The response has to be every entry, printed word for word.

##### Source data

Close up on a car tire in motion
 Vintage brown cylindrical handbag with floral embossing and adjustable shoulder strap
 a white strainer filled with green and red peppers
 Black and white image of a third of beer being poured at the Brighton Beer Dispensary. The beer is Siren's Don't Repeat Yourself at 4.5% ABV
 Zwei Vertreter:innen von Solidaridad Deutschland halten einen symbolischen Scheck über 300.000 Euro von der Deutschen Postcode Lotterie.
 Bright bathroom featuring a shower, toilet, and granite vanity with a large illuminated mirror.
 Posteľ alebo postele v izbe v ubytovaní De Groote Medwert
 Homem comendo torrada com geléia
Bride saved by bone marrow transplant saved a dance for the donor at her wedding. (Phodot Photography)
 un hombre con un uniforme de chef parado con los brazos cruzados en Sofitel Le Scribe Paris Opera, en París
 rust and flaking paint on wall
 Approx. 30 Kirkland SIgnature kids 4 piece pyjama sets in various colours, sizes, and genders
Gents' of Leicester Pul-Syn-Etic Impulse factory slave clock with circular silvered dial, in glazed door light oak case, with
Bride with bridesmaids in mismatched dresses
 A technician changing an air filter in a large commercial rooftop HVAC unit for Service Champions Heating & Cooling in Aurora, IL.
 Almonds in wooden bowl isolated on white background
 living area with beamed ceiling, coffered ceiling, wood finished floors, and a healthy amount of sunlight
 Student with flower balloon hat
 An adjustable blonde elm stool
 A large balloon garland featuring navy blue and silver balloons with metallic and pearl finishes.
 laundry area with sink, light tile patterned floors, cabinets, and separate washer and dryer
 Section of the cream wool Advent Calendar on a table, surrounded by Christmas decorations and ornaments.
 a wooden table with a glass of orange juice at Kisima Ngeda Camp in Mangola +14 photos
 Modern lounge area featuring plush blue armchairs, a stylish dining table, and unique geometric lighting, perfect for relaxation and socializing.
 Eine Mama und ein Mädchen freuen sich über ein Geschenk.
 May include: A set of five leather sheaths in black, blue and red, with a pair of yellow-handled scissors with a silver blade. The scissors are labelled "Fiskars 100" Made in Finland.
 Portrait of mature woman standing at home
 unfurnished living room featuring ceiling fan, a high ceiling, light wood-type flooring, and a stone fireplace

##########

# Result
Close up on a car tire in motion
 Vintage brown cylindrical handbag with floral embossing and adjustable shoulder strap
 a white strainer filled with green and red peppers
 Black and white image of a third of beer being poured at the Brighton Beer Dispensary. The beer is Siren's Don't Repeat Yourself at 4.5% ABV
 Zwei Vertreter:innen von Solidaridad Deutschland halten einen symbolischen Scheck über 300.000 Euro von der Deutschen Postcode Lotterie.
 Bright bathroom featuring a shower, toilet, and granite vanity with a large illuminated mirror.
 Posteľ alebo postele v izbe v ubytovaní De Groote Medwert
 Homem comendo torrada com geléia
Bride saved by bone marrow transplant saved a dance for the donor at her wedding. (Phodot Photography)
 un hombre con un uniforme de chef parado con los brazos cruzados en Sofitel Le Scribe Paris Opera, en París
 rust and flaking paint on wall
 Approx. 30 Kirkland SIgnature kids 4 piece pyjama sets in various colours, sizes, and genders
Gents' of Leicester Pul-Syn-Etic Impulse factory slave clock with circular silvered dial, in glazed door light oak case, with
Bride with bridesmaids in mismatched dresses
 A technician changing an air filter in a large commercial rooftop HVAC unit for Service Champions Heating & Cooling in Aurora, IL.
 Almonds in wooden bowl isolated on white background
 living area with beamed ceiling, coffered ceiling, wood finished floors, and a healthy amount of sunlight
 Student with flower balloon hat
 An adjustable blonde elm stool
 A large balloon garland featuring navy blue and silver balloons with metallic and pearl finishes.
 laundry area with sink, light tile patterned floors, cabinets, and separate washer and dryer
 Section of the cream wool Advent Calendar on a table, surrounded by Christmas decorations and ornaments.
 a wooden table with a glass of orange juice at Kisima Ngeda Camp in Mangola +14 photos
 Modern lounge area featuring plush blue armchairs, a stylish dining table, and unique geometric lighting, perfect for relaxation and socializing.
 Eine Mama und ein Mädchen freuen sich über ein Geschenk.
 May include: A set of five leather sheaths in black, blue and red, with a pair of yellow-handled scissors with a silver blade. The scissors are labelled "Fiskars 100" Made in Finland.
 Portrait of mature woman standing at home
 unfurnished living room featuring ceiling fan, a high ceiling, light wood-type flooring, and a stone fireplace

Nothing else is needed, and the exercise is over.